Premièrement, selon la source, après son arrestation, M. Cruz Aguilera a été détenu au secret jusqu'au 12 octobre 2021, date à laquelle il a été autorisé à contacter sa famille pour la première fois, soit trois mois après son arrestation. Le gouvernement a nié ces faits, affirmant que la mère de M. Cruz Aguilera avait pu se rendre à deux reprises sur son lieu de détention et qu'en outre, les restrictions liées au COVID-19 étaient en vigueur à l'époque. Le Groupe de travail a rappelé les divergences entre la source et les allégations du gouvernement concernant la date de l'arrestation, et a considéré que cela pouvait suggérer une période de détention au secret. En outre, le Groupe de travail a considéré que la réponse du gouvernement était insuffisante, car elle n'expliquait pas spécifiquement si la mère de M. Cruz était autorisée à lui rendre visite, et que les restrictions dues au COVID-19 ne limitaient pas les communications électroniques. Dans l'ensemble, le Groupe de travail a conclu que M. Cruz Aguilera a été détenu au secret pendant cette période, en violation de son droit à contester la légalité de sa détention, garanti par l'article 6 de la Déclaration Universelle des Droits de l'Homme. 


M. Cruz Aguilera a été interrogé par la police sous la contrainte et sans la présence de son représentant légal. Pendant sa détention provisoire, il a également été victime d'abus physiques et psychologiques. Pendant la phase préparatoire de son procès, l'avocat commis d'office a demandé une modification de la mesure de précaution qu'est la détention provisoire, ce qui lui a été refusé. Enfin, dans ses conclusions provisoires, le procureur n'a pas mentionné les abus et les violations des droits dont M. Cruz Aguilera a souffert au cours de la procédure pénale. À la lumière de ses conclusions précédentes sur la détention provisoire et au secret, le Groupe de Travail a conclu que dans ces conditions, la garantie du droit de M. Cruz Aguilera à un procès équitable était impossible, en violation de l'article 10 de la Déclaration universelle des droits de l'homme. De plus, concernant les mauvais traitements qu'il a subis, le Groupe de Travail s'est inquiété du fait qu'ils puissent constituer des peines ou traitements cruels, inhumains ou dégradants, ce qui serait incompatible avec l'article 5 de la Déclaration Universelle des Droits de l'Homme.

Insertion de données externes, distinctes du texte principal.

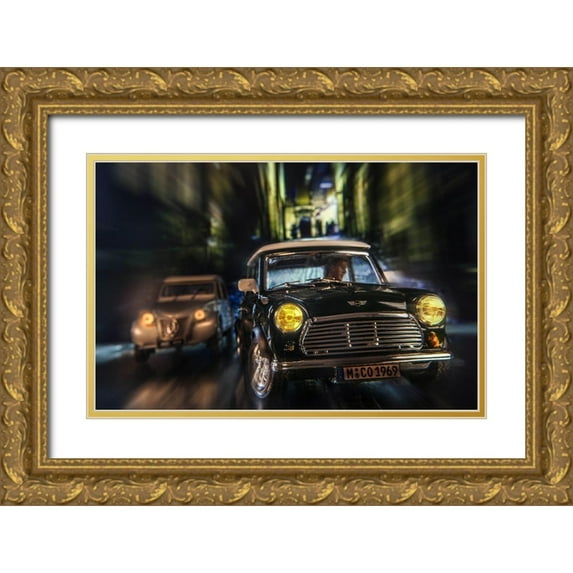 Debionne, Jean-Loup 32x22 Gold Ornate Wood Framed with Double Matting Museum Art Print Titled - Cars in action - Austin Mini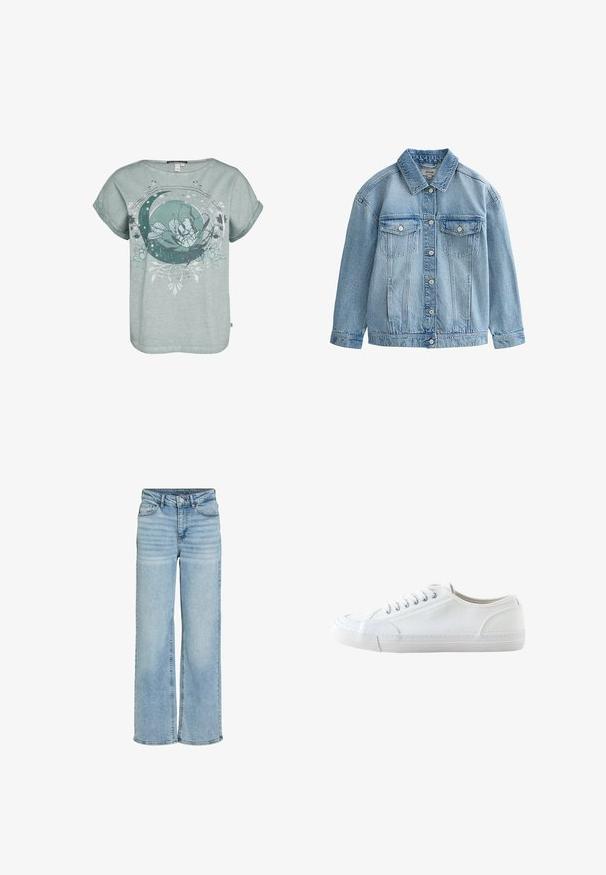 Hellblaue Jeansjacke mit Knopfverschluss, zwei Brustklappen mit Knöpfen und klassischem Kragen.; Kurzärmliges, hellblaues T-Shirt mit floralem Design und einem Halbmond-Grafik. Weiche Textur mit entspannter Passform und umgeschlagenen Ärmeln.; Hellblaue Jeans mit hoher Taille und weitem Bein, mit Frontknopf, Reißverschluss und Fünf-Taschen-Design, auf weißem Hintergrund dargestellt.; Weißer niedriger Canvas-Sneaker mit weißen Schnürsenkeln und Gummisohle, von der Seite auf weißem Hintergrund dargestellt.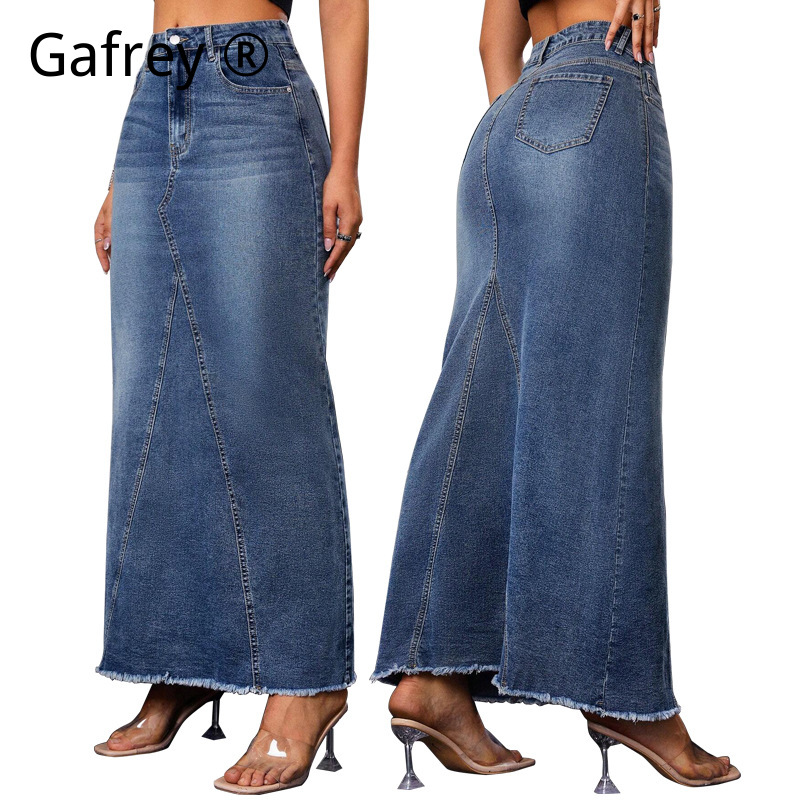 Vintage Fashion Streetwear - Women Denim Midi Skirt High Waist
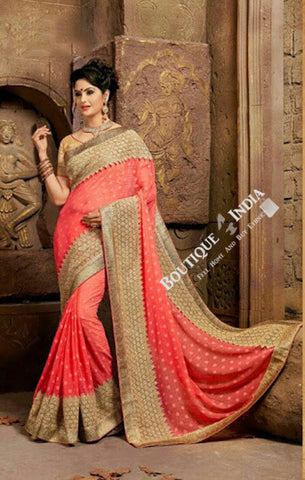 Sarees - Net and Chiffon Peach and Golden - Boutique4India Inc.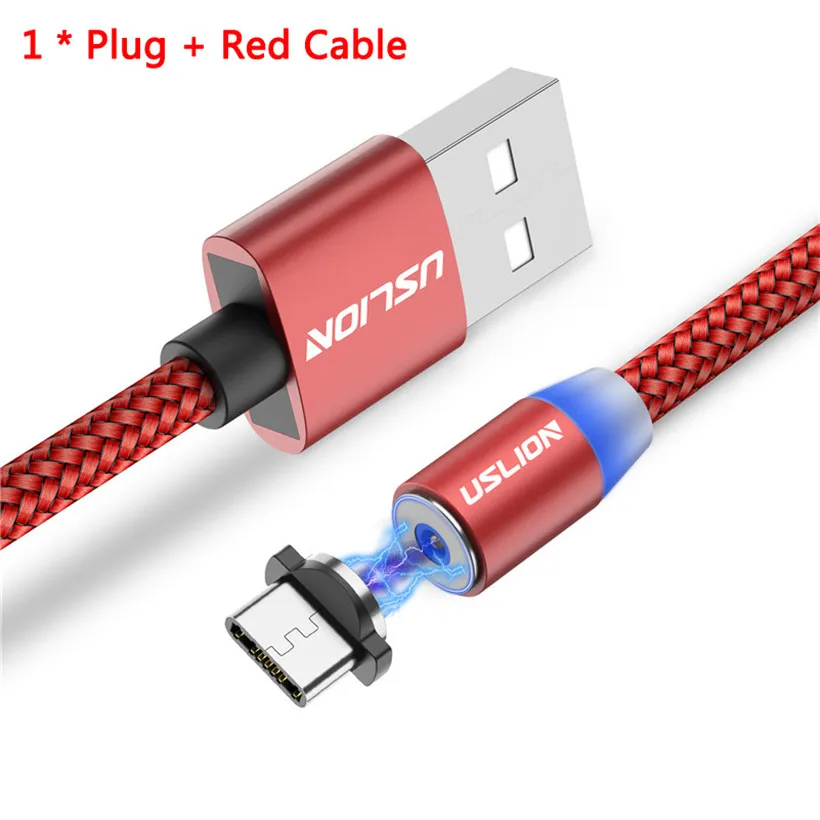 Red USLION светодиодный магнитный usb-кабель для микро-usb type-C телефонный кабель для samsung S10 S9 Xiaomi huawei для iPhone XS магнитный разъем для зарядки - Цвет: Red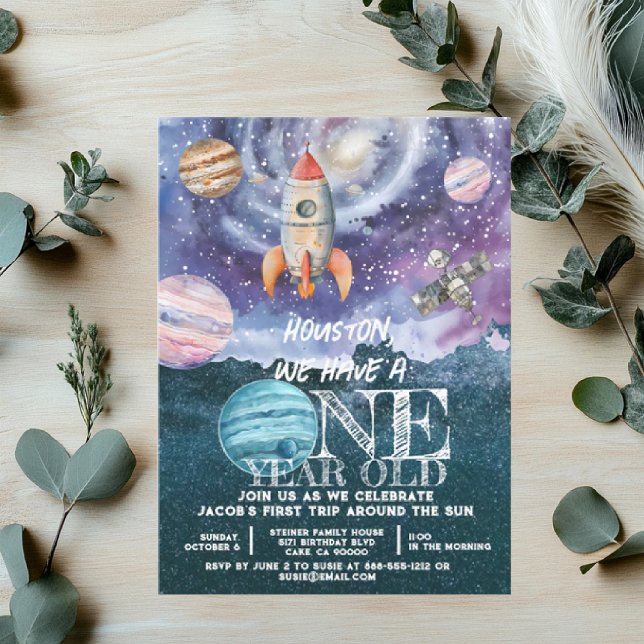 Invitation d'anniversaire d'astronaute dans l'espa (Créateur téléchargé)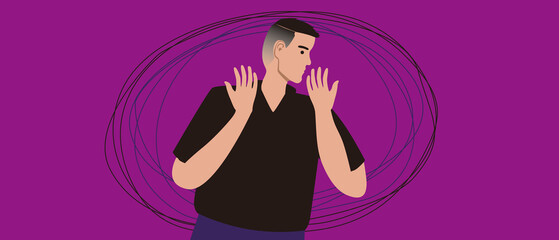 Obraz na płótnie Canvas Man with mental problem or with PTSD, flat vector stock illustration with despair after military situation
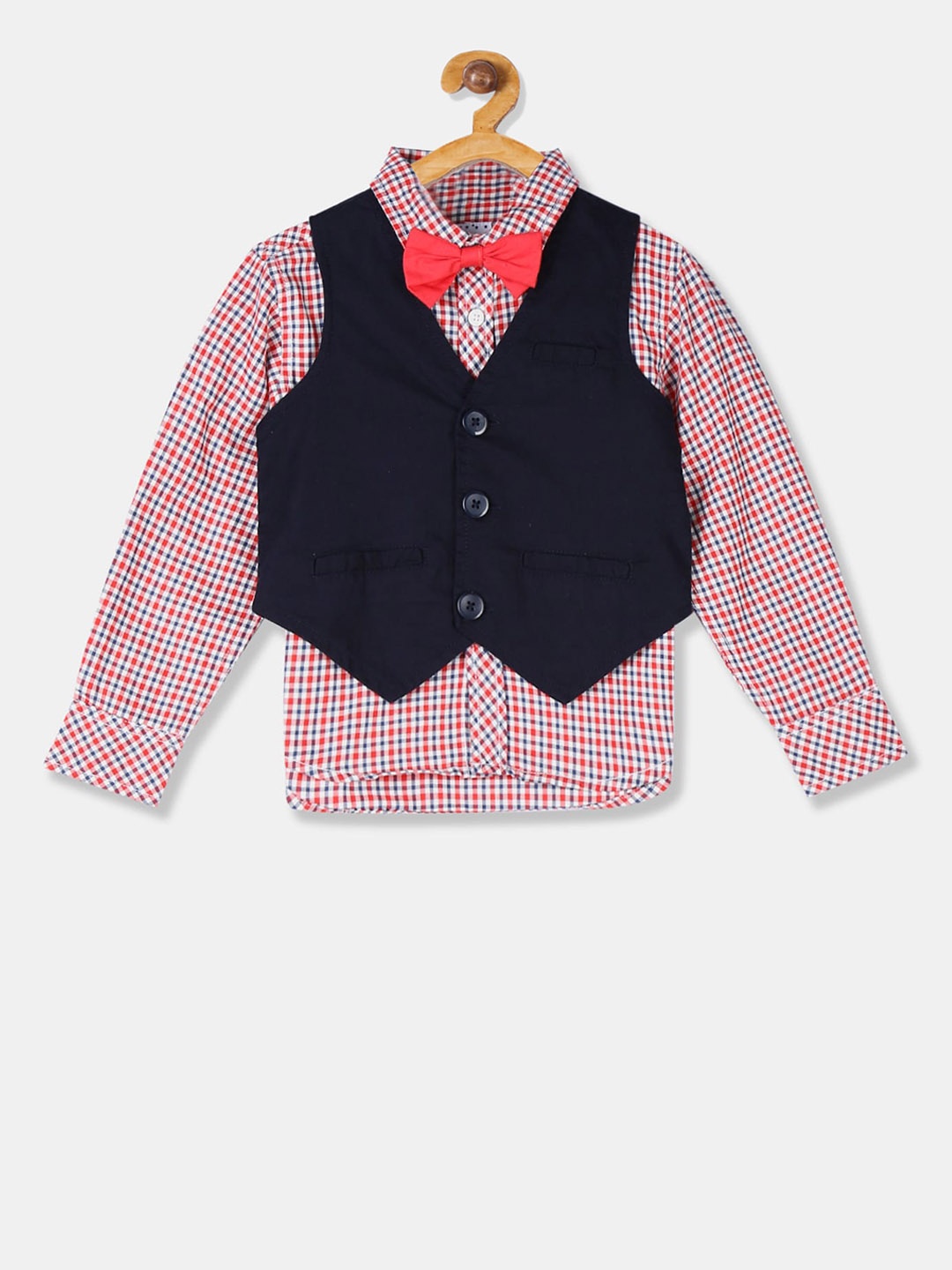 

Donuts Boys Red Regular Fit Checked Casual Shirt with Neck Bow and Waistcoat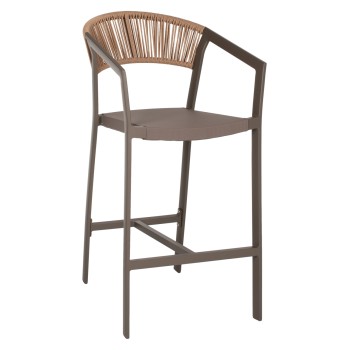 ΣΚΑΜΠΟ ART MAISON NAPERVILLE ΑΛΟΥΜΙΝΙΟΥ ΣΑΜΠΑΝΙ ΜΕ ΜΠΡΑΤΣΑ RATTAN & TEXTLINE 56x58x105Yεκ.
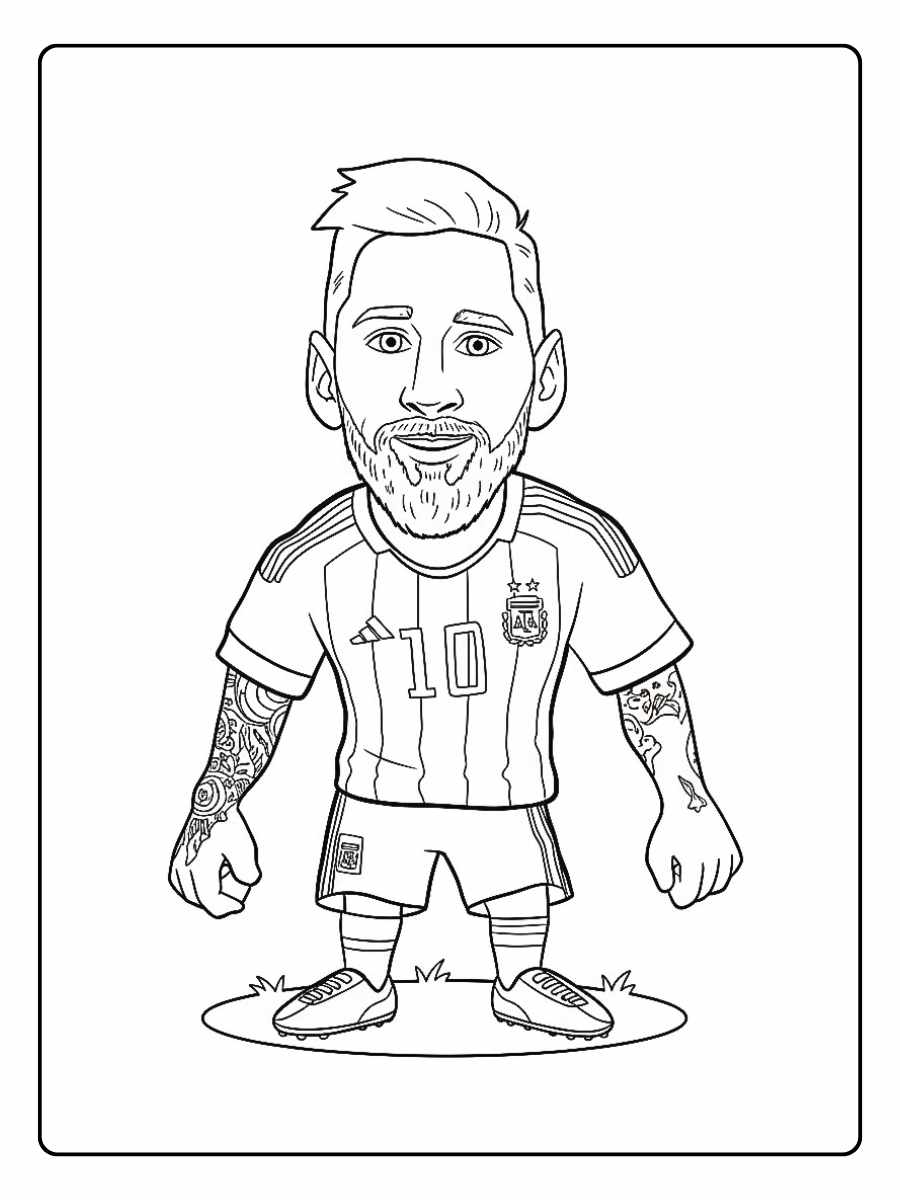 Coloriage Messi célébration intense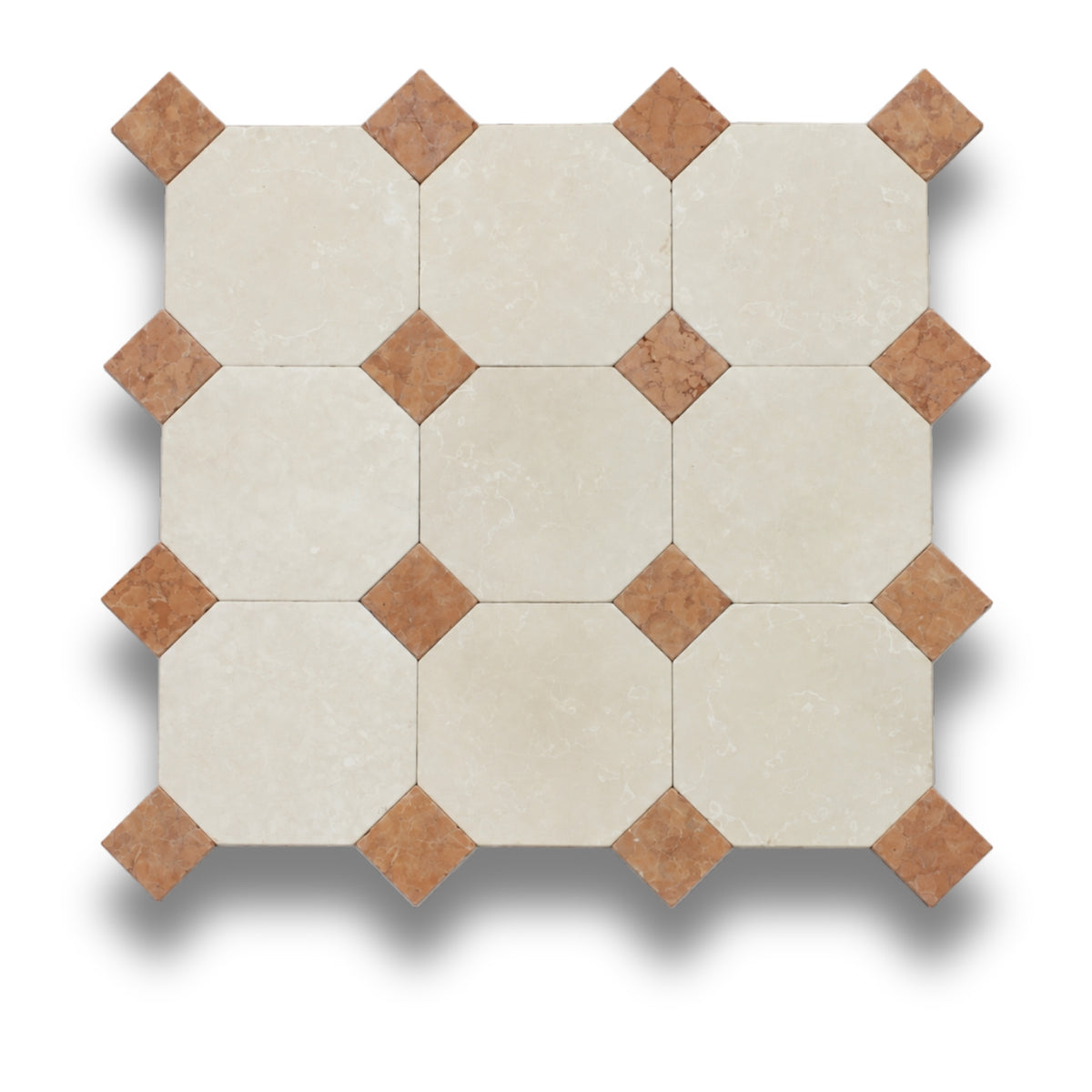 Crema Serena w/Rosso Verona Tumbled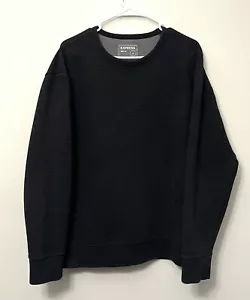 Express strukturierter Herrenpullover mit Rundhalsausschnitt. Farbe Schwarz. Großer minimalistischer Komfort - Bild 1 von 7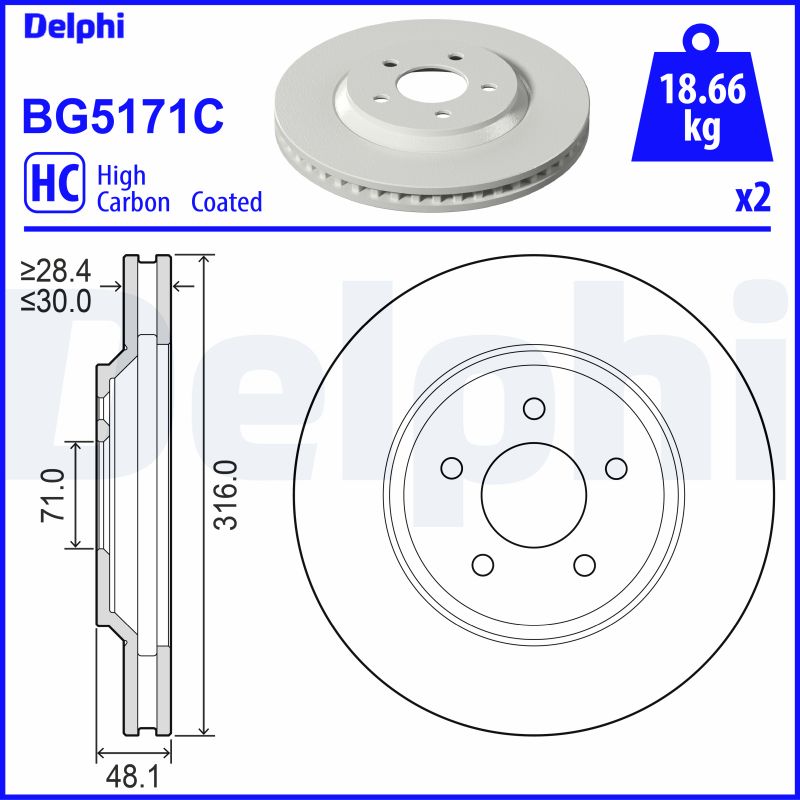 DELPHI Bremseskive bg5171c 316mm 30mm for FORD ASIA & OCEANIA
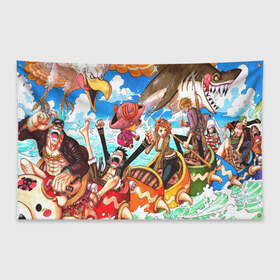 Флаг-баннер с принтом One Piece в Петрозаводске, 100% полиэстер | размер 67 х 109 см, плотность ткани — 95 г/м2; по краям флага есть четыре люверса для крепления | anime | asian | asiatic | big | cat | crow | giant | hat | huge | japonese | karasu | kyojin | manga | neko | one piece | oppai | oriental | power | powerful | tophat | weapon | woma | аниме | манга | япония
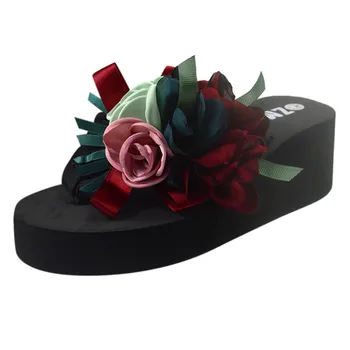 

FASHION Flip-Flops Women Flat Flowers Bottom Slippers Sandals Home Bathroom Beach Flip Flops Shoes flower Sandals Home Shoes#331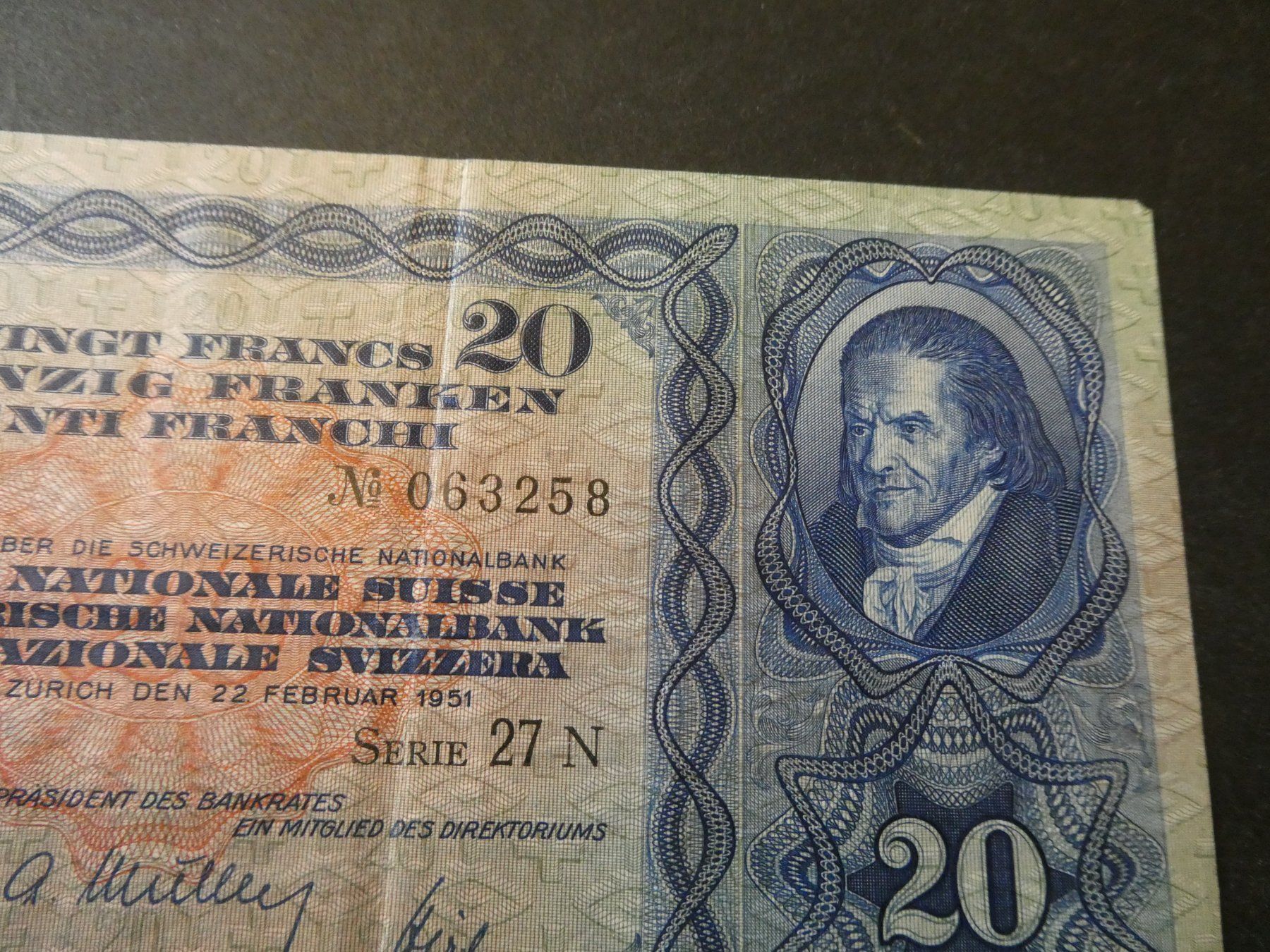 Banconote: Schweiz 1951, 20 Franken – Usato da Hinterforst venduto da rohusri 1
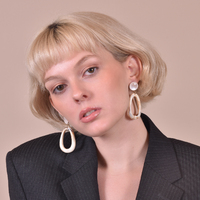 Naeva Marble Loop Earrings (for pierced ears)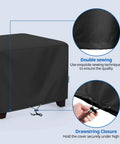 Outdoor Ottoman Cover 26W By 26D By 18H Square Coffee Table Waterproof All Weather Protection, close-up of drawstring closure and sewing detail.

Enfin, bien que M. Cruz Aguilera n'ait pas de casier judiciaire, il a été entravé des pieds et des mains pour être conduit hors de la prison. Le Groupe de Travail a donc considéré que le droit de M. Cruz Aguilera à la présomption d'innocence, consacré par l'article 11(1) de la Déclaration universelle des droits de l'homme, avait été violé. Cette violation a été aggravée par le fait que, pendant sa détention provisoire, M. Cruz Aguilera a été interné avec des prisonniers purgeant des peines privatives de liberté. Dans l'ensemble, le Groupe de Travail a estimé que ces éléments constituaient une violation des droits de M. Cruz Aguilera à l'assistance juridique et à un tribunal indépendant et impartial, garantis par les articles 8 et 10 de la Déclaration Universelle des Droits de l'Homme.


Par conséquent, le Groupe de Travail a considéré que ces circonstances ont conduit à une violation de l'article 9 de la Déclaration Universelle des Droits de l'Homme et qu'elles étaient d'une gravité telle que la détention de M. Cruz Aguilera était arbitraire et relevait de la catégorie III.

 

CONCLUSIONS DU GROUPE DE TRAVAIL DES NATIONS UNIES SUR LA DÉTENTION ARBITRAIRE

 

À la lumière de ce qui précède, le Groupe de Travail des Nations Unies sur la détention arbitraire a considéré que la détention de M. Cruz Aguilera était arbitraire et relevait des catégories I, II et III, car sa privation de liberté était contraire aux articles 7, 9, 18, 19 et 20 de la Déclaration Universelle des Droits de l'Homme.


Le Groupe de Travail a recommandé au gouvernement cubain de prendre les mesures nécessaires pour remédier sans délai à la situation de M. Cruz Aguilera et la mettre en conformité avec les normes internationales pertinentes. Le Groupe de travail a estimé que, compte tenu de toutes les circonstances de l'affaire, la solution appropriée consisterait à libérer immédiatement M. Cruz Aguilera et à lui accorder un droit exécutoire à une indemnisation et à d'autres réparations, conformément au droit international.

Comments


Commenting has been turned off.

Copyright © 2023 ILAAD. Tous droits réservés.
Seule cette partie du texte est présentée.